In the end, we formed the Lost Gonzo Band and threw in our lot with Jerry Jeff, for better or worse. I played with Jerry Jeff on and off for the next three decades. I did a lot of other music during that time too, including recording and playing with the Lost Gonzo Band and Ray Wylie’s new Hot Texas Band. I also toured internationally on my own to countries like India, Pakistan, Africa and the Middle East for the U.S. State Department. I adopted a multi-cultural view of our world in sharp contrast to the shit-kicking honky-tonks I played with Jerry Jeff, Ray Wylie and others.

Jerry Jeff and I parted ways in 2006 and I put out a CD influenced by my experiences in India called Mahatma Gandhi & Sitting Bull — an album title guaranteed to ruin your chances of any airplay in Lubbock.

Bob Livingston in India (Courtesy Bob Livingston)
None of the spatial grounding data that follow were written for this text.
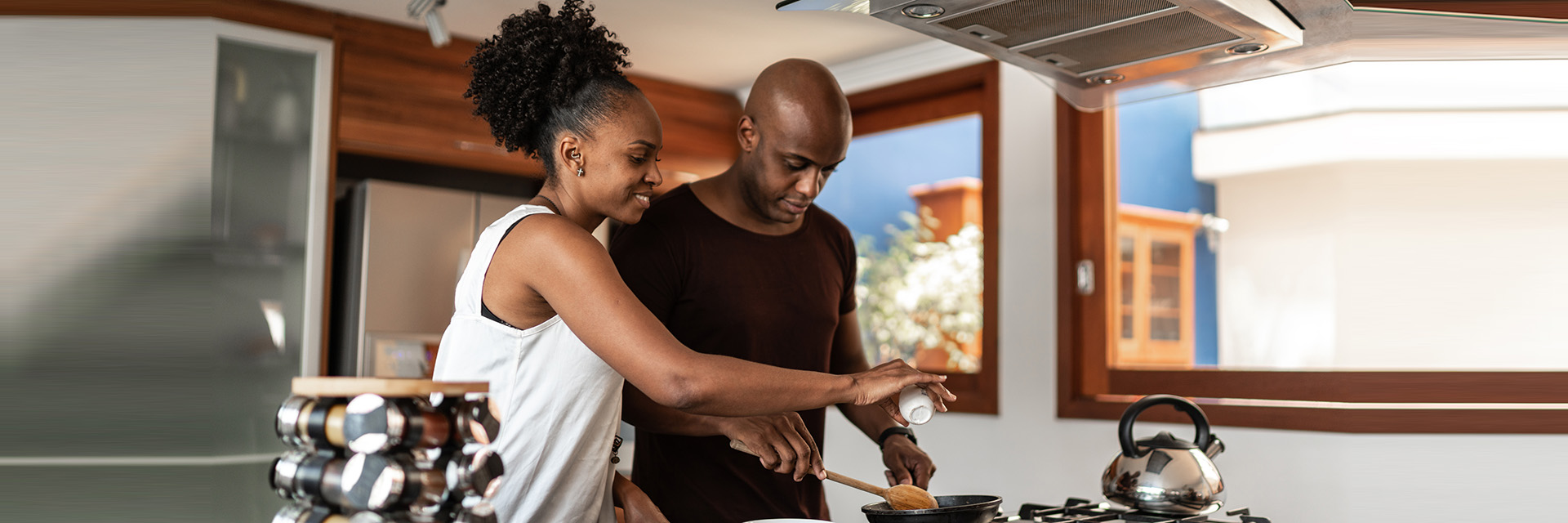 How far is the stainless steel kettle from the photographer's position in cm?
159

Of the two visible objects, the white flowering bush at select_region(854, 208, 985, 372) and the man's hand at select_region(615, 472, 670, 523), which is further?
the white flowering bush at select_region(854, 208, 985, 372)

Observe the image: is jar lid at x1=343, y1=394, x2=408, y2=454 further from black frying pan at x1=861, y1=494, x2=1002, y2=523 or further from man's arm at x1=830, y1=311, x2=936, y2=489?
man's arm at x1=830, y1=311, x2=936, y2=489

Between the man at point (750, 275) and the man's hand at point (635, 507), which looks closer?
the man's hand at point (635, 507)

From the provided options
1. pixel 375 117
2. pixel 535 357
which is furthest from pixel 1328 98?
pixel 375 117

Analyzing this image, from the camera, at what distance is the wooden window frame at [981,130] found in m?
2.95

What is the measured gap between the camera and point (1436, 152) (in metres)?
2.29

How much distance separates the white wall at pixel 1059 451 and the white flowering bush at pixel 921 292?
0.71ft

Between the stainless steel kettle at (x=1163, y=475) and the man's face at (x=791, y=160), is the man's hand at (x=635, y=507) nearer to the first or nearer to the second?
the man's face at (x=791, y=160)

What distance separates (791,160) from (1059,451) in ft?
5.11

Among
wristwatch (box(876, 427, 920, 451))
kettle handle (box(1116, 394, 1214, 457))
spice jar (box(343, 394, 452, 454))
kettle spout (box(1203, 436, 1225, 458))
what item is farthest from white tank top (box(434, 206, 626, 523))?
kettle spout (box(1203, 436, 1225, 458))

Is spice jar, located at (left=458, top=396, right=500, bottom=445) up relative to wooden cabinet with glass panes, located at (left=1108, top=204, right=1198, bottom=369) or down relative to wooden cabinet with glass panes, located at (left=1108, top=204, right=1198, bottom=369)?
down

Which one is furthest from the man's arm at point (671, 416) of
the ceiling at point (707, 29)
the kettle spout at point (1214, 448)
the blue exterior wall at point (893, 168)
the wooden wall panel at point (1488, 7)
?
the blue exterior wall at point (893, 168)

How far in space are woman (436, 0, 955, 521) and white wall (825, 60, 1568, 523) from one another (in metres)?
1.52

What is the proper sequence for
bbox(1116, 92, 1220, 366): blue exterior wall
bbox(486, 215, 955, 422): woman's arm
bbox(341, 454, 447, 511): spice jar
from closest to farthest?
bbox(341, 454, 447, 511): spice jar → bbox(486, 215, 955, 422): woman's arm → bbox(1116, 92, 1220, 366): blue exterior wall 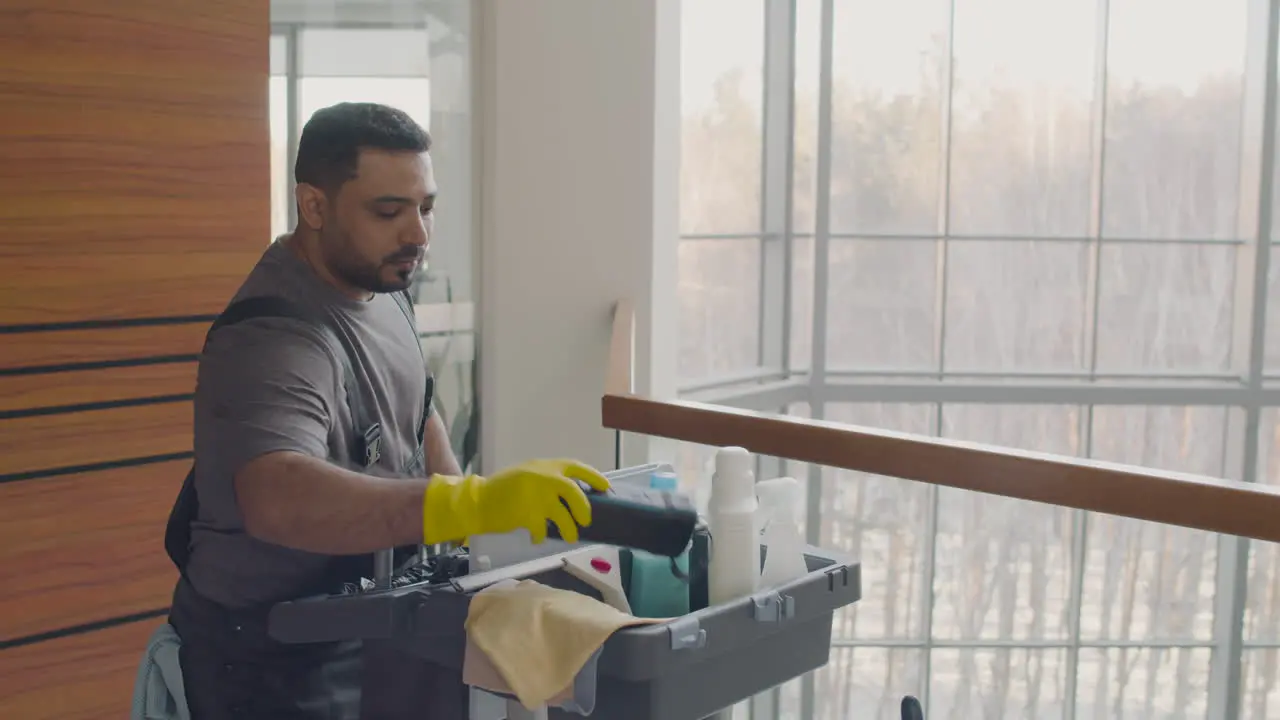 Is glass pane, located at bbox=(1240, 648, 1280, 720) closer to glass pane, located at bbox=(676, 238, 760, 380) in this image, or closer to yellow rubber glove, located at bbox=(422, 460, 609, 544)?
glass pane, located at bbox=(676, 238, 760, 380)

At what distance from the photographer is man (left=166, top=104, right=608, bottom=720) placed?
46.9 inches

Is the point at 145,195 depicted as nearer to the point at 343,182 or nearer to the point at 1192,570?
the point at 343,182

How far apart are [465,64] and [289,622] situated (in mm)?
2147

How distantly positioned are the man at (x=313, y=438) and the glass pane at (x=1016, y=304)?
484cm

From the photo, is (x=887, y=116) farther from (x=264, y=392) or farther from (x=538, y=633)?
(x=538, y=633)

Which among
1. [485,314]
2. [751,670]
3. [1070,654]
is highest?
[485,314]

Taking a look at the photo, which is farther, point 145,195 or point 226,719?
point 145,195

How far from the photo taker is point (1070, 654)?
5777mm

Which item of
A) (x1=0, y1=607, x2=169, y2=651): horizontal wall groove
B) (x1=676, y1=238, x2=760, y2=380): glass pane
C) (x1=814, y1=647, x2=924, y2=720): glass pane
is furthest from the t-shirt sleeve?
(x1=814, y1=647, x2=924, y2=720): glass pane

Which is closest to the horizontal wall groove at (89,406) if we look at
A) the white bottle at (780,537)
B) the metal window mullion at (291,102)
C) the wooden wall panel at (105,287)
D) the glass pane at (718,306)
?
the wooden wall panel at (105,287)

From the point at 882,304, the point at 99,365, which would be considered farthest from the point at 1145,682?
the point at 99,365

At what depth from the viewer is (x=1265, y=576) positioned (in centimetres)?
584

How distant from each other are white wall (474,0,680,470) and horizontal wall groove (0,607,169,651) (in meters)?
1.05

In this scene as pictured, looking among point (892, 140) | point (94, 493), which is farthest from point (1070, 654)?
point (94, 493)
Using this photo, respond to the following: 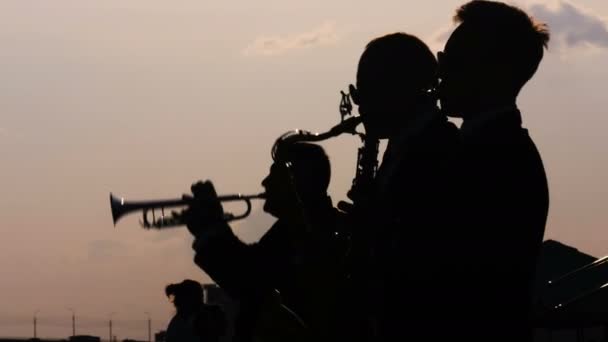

Bob Livingston in India (Courtesy Bob Livingston)

Be Here Now

These days, I’m a folkie and just released a new CD called Gypsy Alibi on my own label, New Wilderness Records. I’m doing better on my own than on any record label I was ever signed with. The album has a bit of everything on it: folk, from my Red River days; the kind of Americana country that I lived on the roadhouse circuit; rockabilly; Texas swing and even a Gershwin-inspired piano track as the title song.

To make a living in the music business in Austin today is not an easy proposition. They say it’s “The Live Music Capitol of the World.” There are literally thousands of musicians here all hustling to survive in a fast, competitive climate. Radio is not as local friendly as it once was. As one Nashville record man told me at SXSW, “Austin is a great party town with music even in the bathrooms, but if you want to get business done, you gotta to go to Nashville, New York or L.A.” I don’t know.

Some musicians manage quite well in this climate, most notably Bob Schneider, Eric Hokkanen, Redd Volkaert, Earl Poole Ball and maybe a hundred others that play every night somewhere and don’t have a day job, but they seldom leave the Austin city limits. I have never really made a living in Austin even though I’ve lived here for almost 40 years because I still love being on the road, and I have more of a draw in Bristol, Va., and Fayetteville, Ark., than in my own town. I play here occasionally, but tour most of the year. I hope to play here more now that my new CD is getting airplay on KUT, KGSR and KOOP.

Courtesy Bob Livingston

Courtesy Bob Livingston

My spirit of adventure takes me on roads all over this country and internationally to more than 30 countries now, exotic and spectacular places like Vietnam, Africa, and the Middle East. Far, far from Lubbock, Texas! To make it all work and pay for my house, I play folk clubs, house concerts, do sessions, voice-over work, kids shows, folk festivals, give workshops and play the occasional bass gig in a touring country band.

A friend of mine, Lee Roy Parnell, once told me, “Bob, the reason I left Austin for Nashville is because I couldn’t get a $35 a night gig at the Aus-Tex Lounge, so I had to leave or never have the chance of making it.” I don’t know if this is true for everyone, but it’s been true for me as well. From the get-go, I had to make tracks. No regrets about that. None!